Both counsel focused the attention of the jury on that issue in
argument. It is therefore clear that the jury was well aware it
had to find [defendant] intended to kill in order to find the special
circumstance to be true. Moreover, the evidence that [defendant]
acted with the intent to kill is overwhelming.” (People v. Winn et
al. (Jul. 12, 1999, B125529) [nonpub. opn.].)
Twenty years after this court’s decision on direct appeal,
defendant filed a section 1170.95 petition seeking to vacate his
murder conviction. The petition asserts defendant was not the
murder victim’s actual killer, he did not harbor the intent to kill,
and he was not a major participant in the murder who acted with
reckless indifference to human life. The petition requested the
trial court to appoint counsel to assist him.
The trial court denied the petition without appointing
counsel. Relying on its review of the “court file,” the court
reasoned the trial jury was required to find, and necessarily
determined in finding the special circumstance true, that
defendant had the intent to kill—making him ineligible for
Senate Bill 1437 relief.
6
II. DISCUSSION
People v. Lewis holds a trial court must appoint counsel for
a section 1170.95 petitioner upon the mere filing of a facially
sufficient petition. (Lewis, supra, 11 Cal.5th at 957; see also
section 1170.95, subd. (b)(3).) That was not done here, and under
Lewis, we accordingly confront undisputed error. The only
question, therefore, is whether the error was harmless. The test
for that is whether defendant has demonstrated a reasonable
probability that in the absence of the error (i.e., the failure to
appoint counsel) he would have obtained a more favorable result.

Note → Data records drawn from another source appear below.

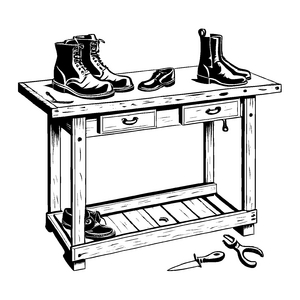 Faszination Werkstatttisch mit verschiedenen Schuhen und Werkzeugen Ausmalvorlage für kreative Schuhmacher-Enthusiasten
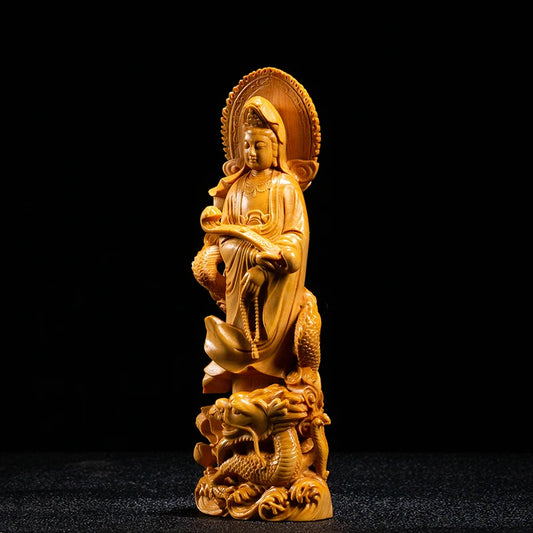 18/22CM Dragon Guanyin with Open Light Buddha Wood Carved Desk Figurines Crafts Wood Statue Feng Shui Sculpture Home Decoration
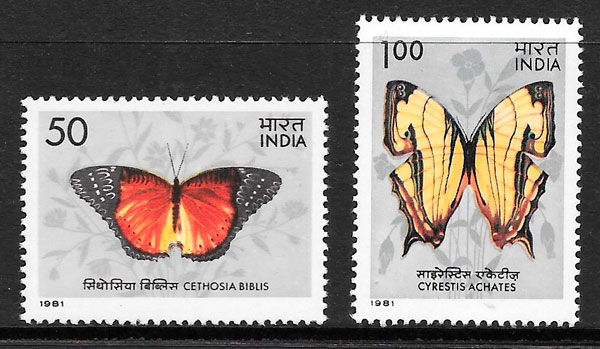 sellos mariposas India 1981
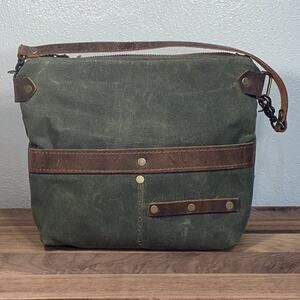 Military Green Canvas Leather Zip Close Multi Pocket Handbag Mini Tote Travel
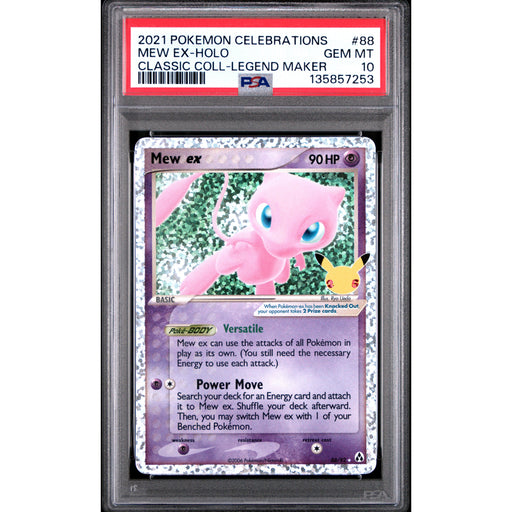 Pokémon TCG: Mew Ex #88 PSA 10 Holo - Celebrations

(Id. at 974.) We believe this reasonable probability exists here
and requires a remand. (People v. Watson (1956) 46 Cal.2d 818,
836-837 [probability does not mean more likely than not, but
merely a reasonable chance, something more than an abstract
possibility]; see also People v. Beck and Cruz (2019) 8 Cal.5th
548, 668.) Although the impact appointed counsel might make
can be difficult to judge counterfactually, we are persuaded there
is a reasonable chance counsel can fashion arguments
(particularly concerning the permissible use of this court’s prior
opinion on direct appeal) or proffer new evidence that may lead to
a more favorable result. We briefly explain.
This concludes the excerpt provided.